Exercise description —
The answer consists solely of the lines running from the one with "39 E 29th St, New" through the final line below, transcribed exactly and without any pictures.

(Pictures with short captions)
______

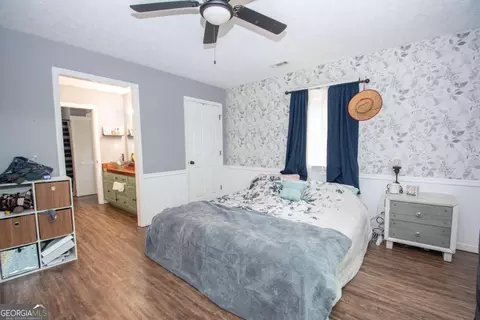 3414 Rock Mills Rd, Lagrange, GA 30240 photo 19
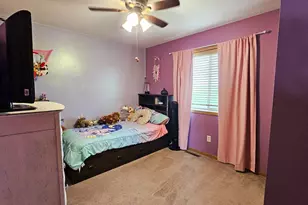 2019 Martini Dr, Sauk Rapids, MN 56379 - Photo 14
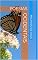 Livro OCIDENTAIS: POESIAS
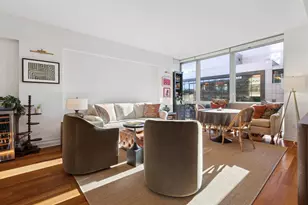 39 E 29th St, New York City, NY 10016 - Photo 2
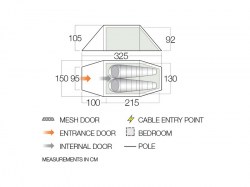 4-1-vango-experience-tent-scafell-200-afmeting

______

Your solution —
 39 E 29th St, New York City, NY 10016 - Photo 2
 4-1-vango-experience-tent-scafell-200-afmeting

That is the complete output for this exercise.